• PROBLEM DETAILS:
With the pictures left out, retype exactly the lines below starting at the line that contains "مسطحة: صور 5 DAF" and ending at the line that contains "2013 Fiat Grand".
RECORDS SUPPLIED section start
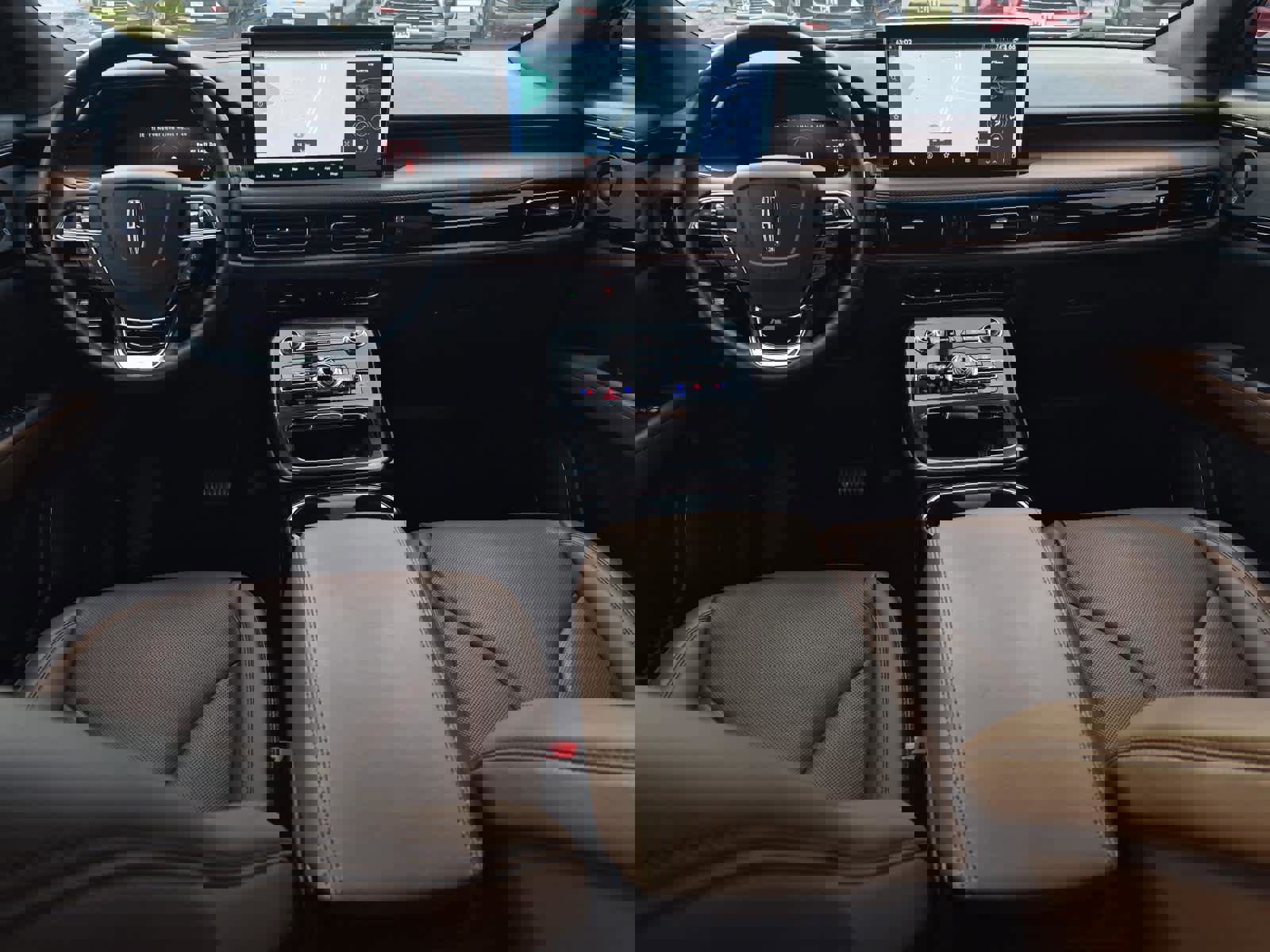 Used 2023 Lincoln Nautilus Reserve w/ Equipment Group 201A image 17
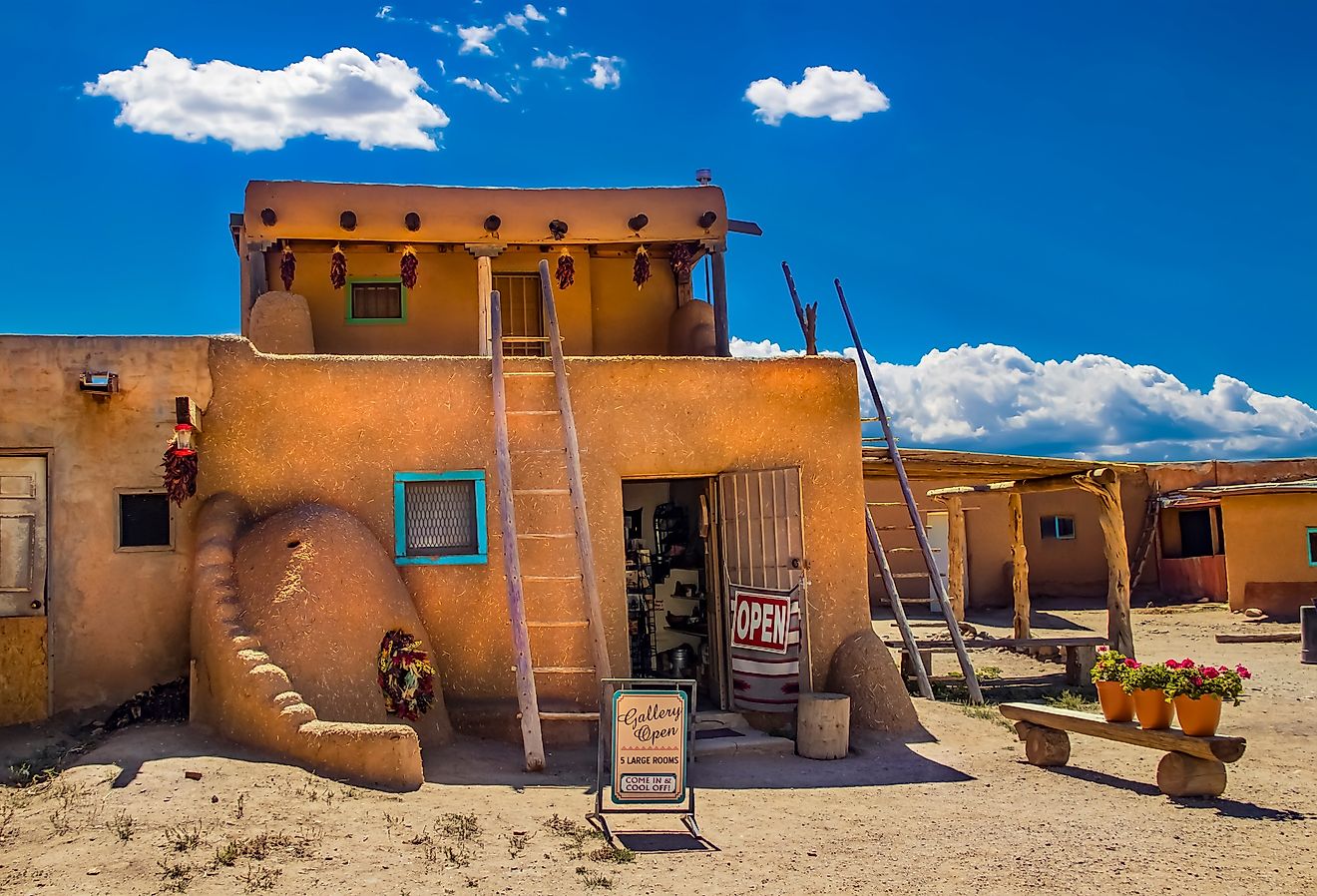 Gallery in Taos Pueblo in New Mexico. Image credit Vineyard Perspective via Shutterstock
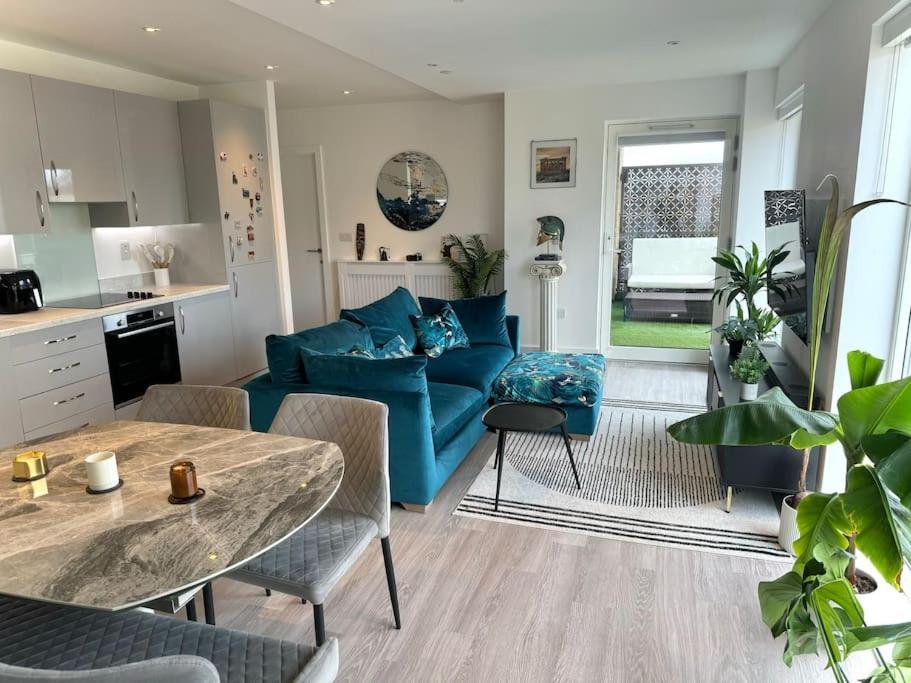 High-spec 1x Large Bedroom *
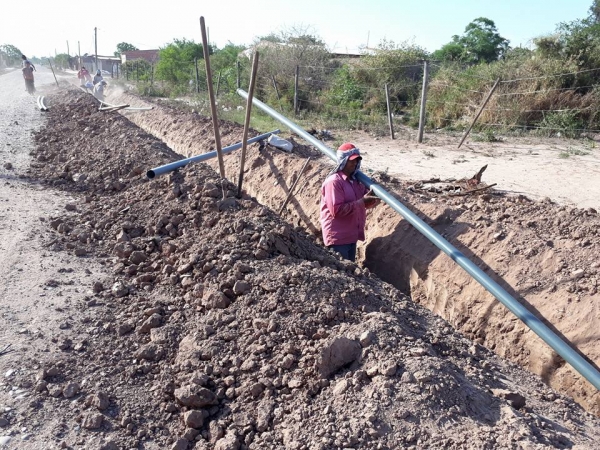 100 familias del barrio Loteo Jerez y Nueva Esperanza acceden al servicio de agua potable:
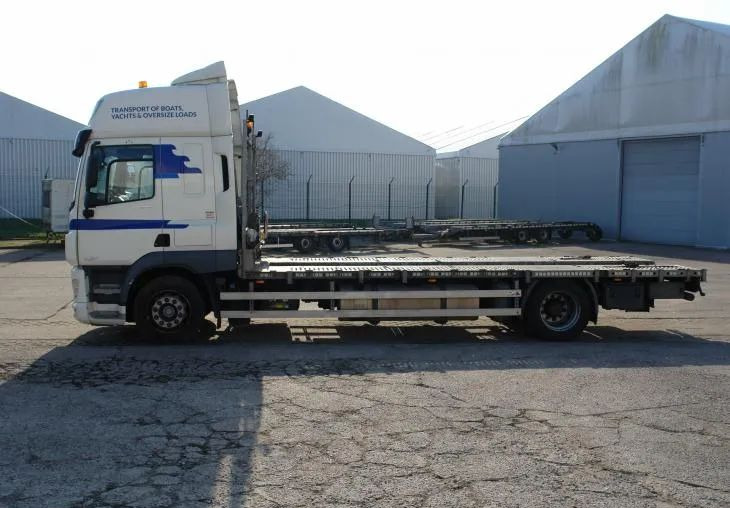DAF CF 410 EURO 6 Laweta - Platforma super stan - شاحنات مسطحة: صور 5 DAF CF 410 EURO 6 Laweta - Platforma super stan - شاحنات مسطحة: صور 5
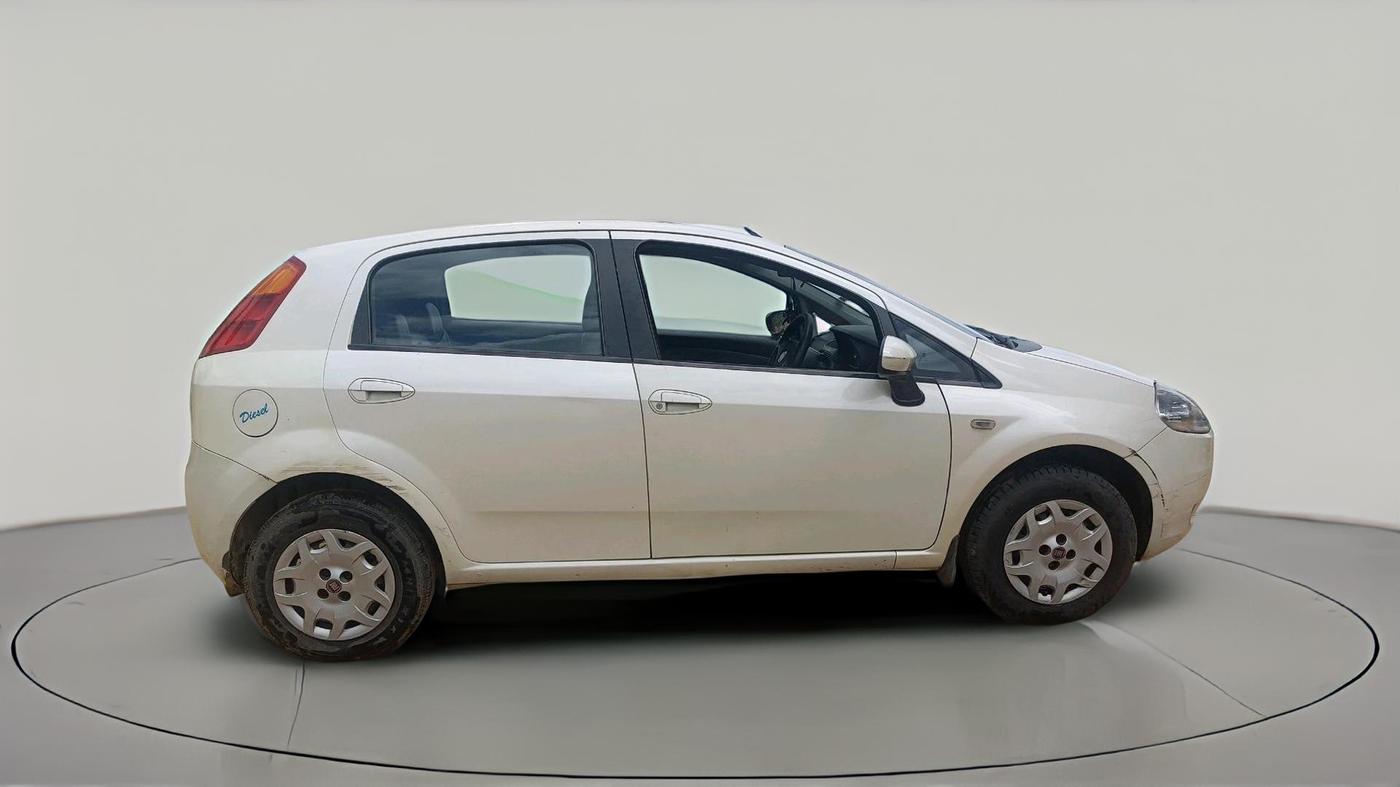 2013 Fiat Grand Punto ACTIVE 1.3, Diesel, Manual, 1,96,497 km, exterior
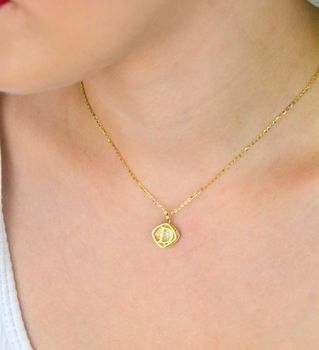 Naszyjnik damski pozłacany srebro 925 z literką D i cyrkonią. Długość 40 + 3 cm, zawieszki o wielkości 1,1 cm. Subtelna, personalizowana biżuteria na prezent (2).JPG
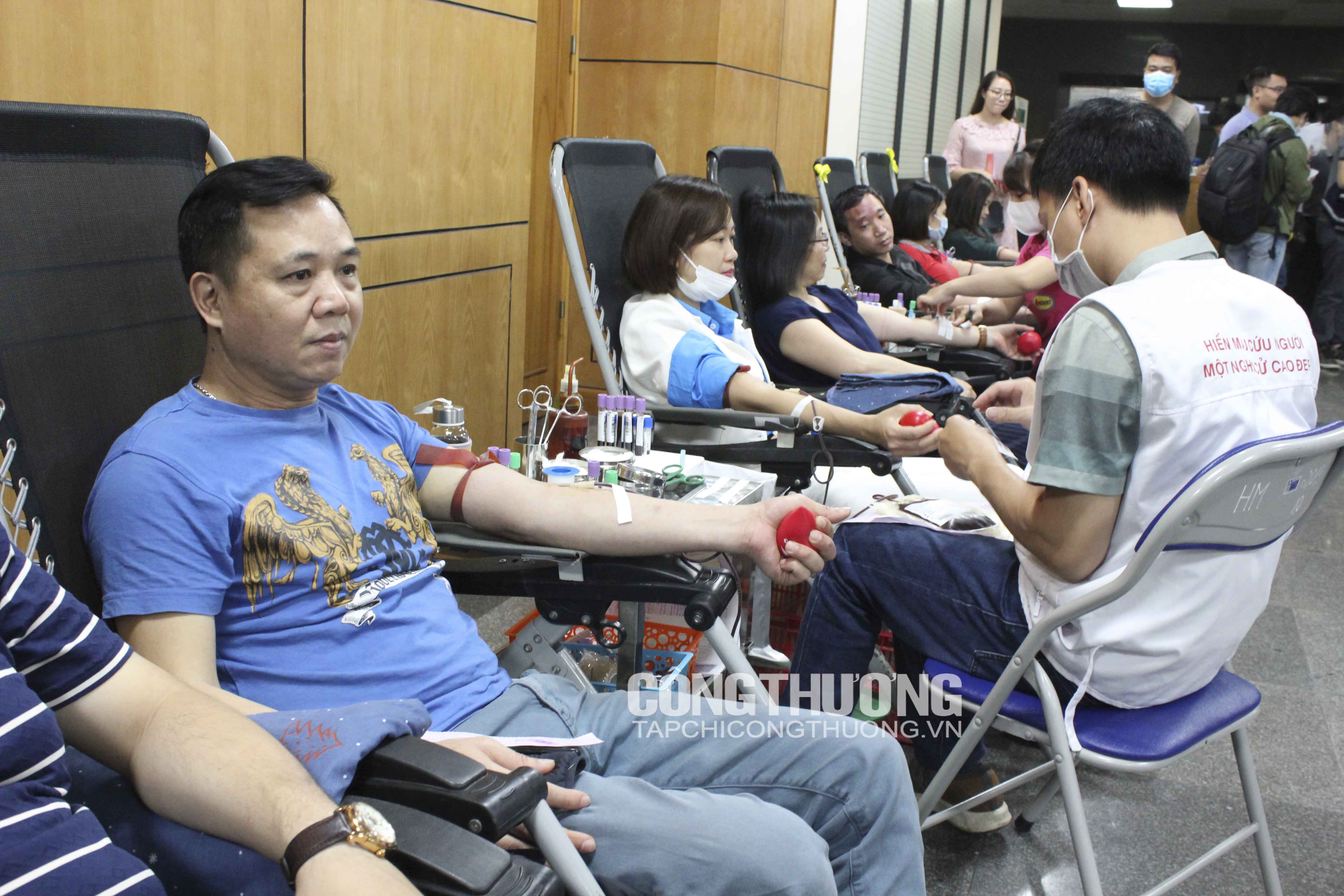 Nhiều cán bộ, viên chức, người lao động ngành Công Thương đã đến tham gia hiến máu. Kết thúc Ngày hội, Ban tổ chức đã tiếp nhận 207 đơn vị máu của cán bộ, công nhân viên chức, người lao động ngành Công Thương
RECORDS SUPPLIED section end
• RESULT BELOW:
DAF CF 410 EURO 6 Laweta - Platforma super stan - شاحنات مسطحة: صور 5 DAF CF 410 EURO 6 Laweta - Platforma super stan - شاحنات مسطحة: صور 5
 2013 Fiat Grand Punto ACTIVE 1.3, Diesel, Manual, 1,96,497 km, exterior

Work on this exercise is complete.